# Catfish line



## rattlin jones (Nov 16, 2012)

bought this from bass pro 10$ for 600 yards never used it before . Anybody fish with this line and if so do you like it . I will be putting on my clicker reel it's a Daiwa millionaire . Mostly catch channels and blues. Thank you


----------



## Cajunsaugeye (Apr 9, 2013)

A bait clicker,for me,pretty much negates the need for "glow" lines. But cats don't usually mind the color.


----------



## rattlin jones (Nov 16, 2012)

Cajunsaugeye said:


> A bait clicker,for me,pretty much negates the need for "glow" lines. But cats don't usually mind the color.


 I have noticed before I will get bites without the clicker going off most of the time smaller cats though I do like line I can see especially at dusk and dawn. And this line is very visible


----------



## FINMAN (Apr 14, 2004)

I used it last year Jones, I think it has a little better abrasion resistance than the Big Game. To me the only drawback was that the orange doesn't glow as far down to the water as the green or yellow monos under the blacklight.

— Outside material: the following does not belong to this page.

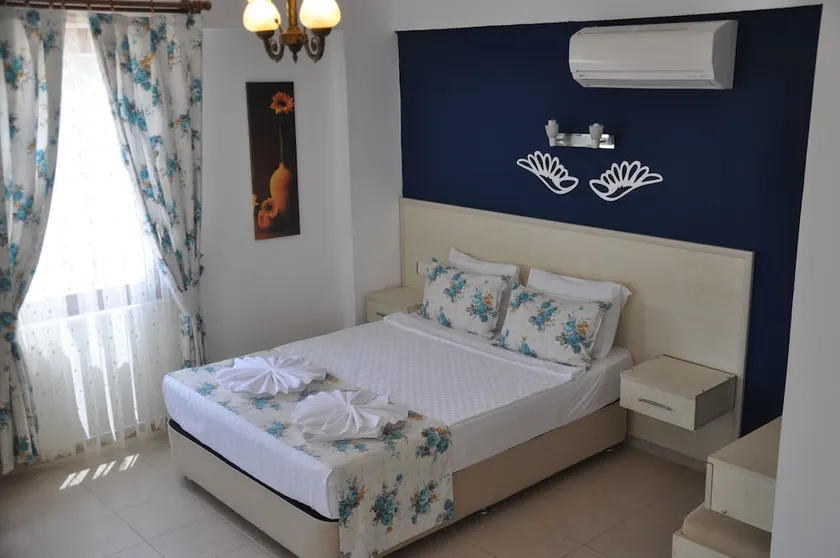 Lacivert Boutique Hotel - Image 1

I also like the Stren Magna flex in neon (yellow).


----------



## rattlin jones (Nov 16, 2012)

FINMAN said:


> I used it last year Jones, I think it has a little better abrasion resistance than the Big Game. To me the only drawback was that the orange doesn't glow as far down to the water as the green or yellow monos under the blacklight. I also like the Stren Magna flex in neon (yellow).


Thanks fin man , should be testing it out Tmw, ice off cats at alum creek .


----------